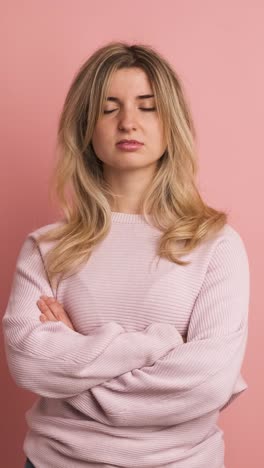 blonde adult woman expressing negativity with head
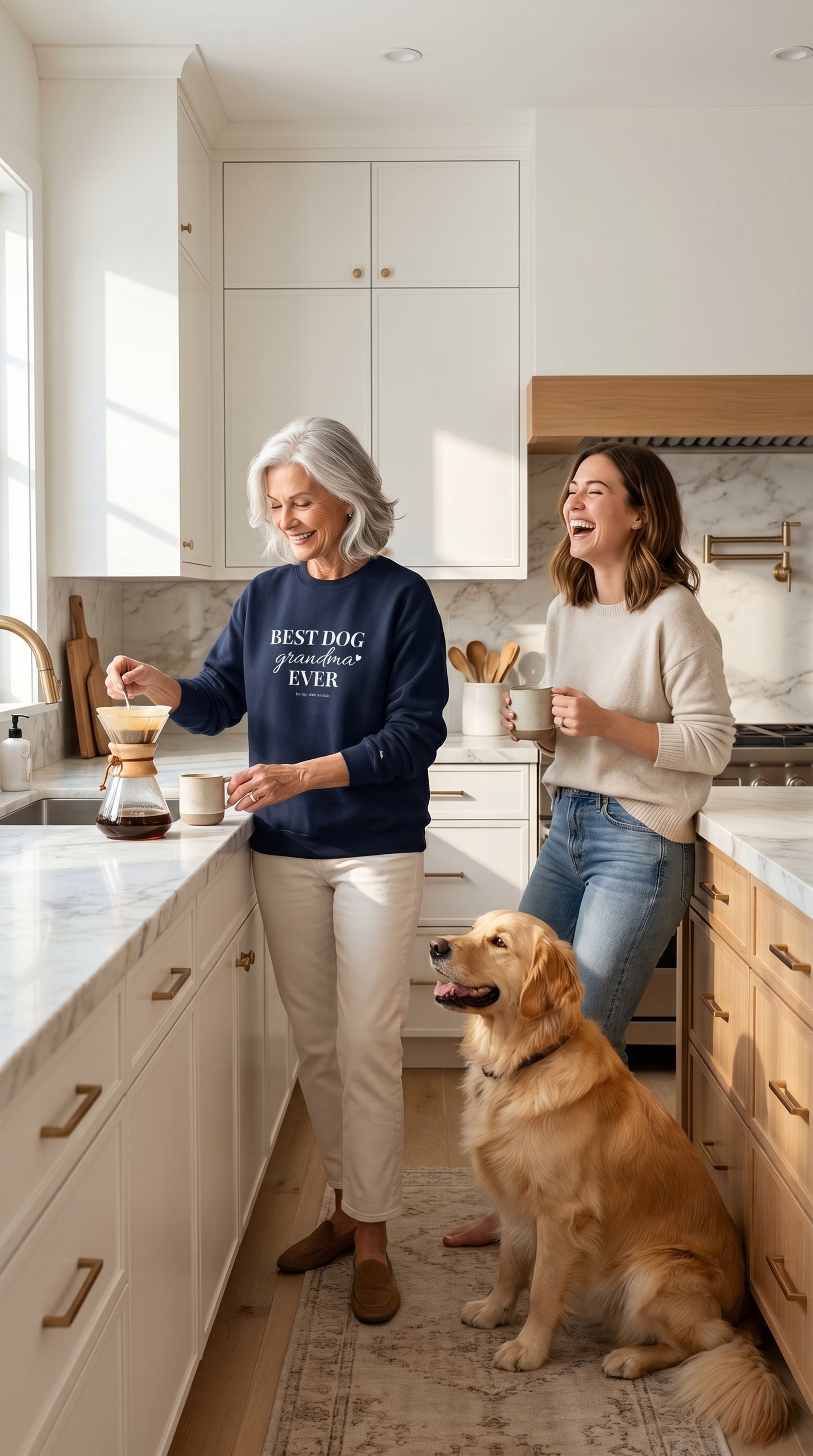 Older woman wearing a Best Dog Grandma crewneck making coffee in a bright kitchen beside a younger woman and a dog in a warm morning setting.
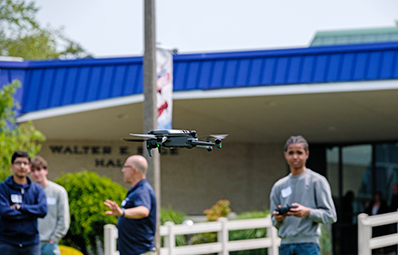 Students operating drones in the Quad.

::::

= REQUIREMENT =
With the pictures removed, return the full listing exactly as given.

= EXERCISE ANSWER =
 blonde adult woman expressing negativity with head
 Older woman wearing a Best Dog Grandma crewneck making coffee in a bright kitchen beside a younger woman and a dog in a warm morning setting.
 Students operating drones in the Quad.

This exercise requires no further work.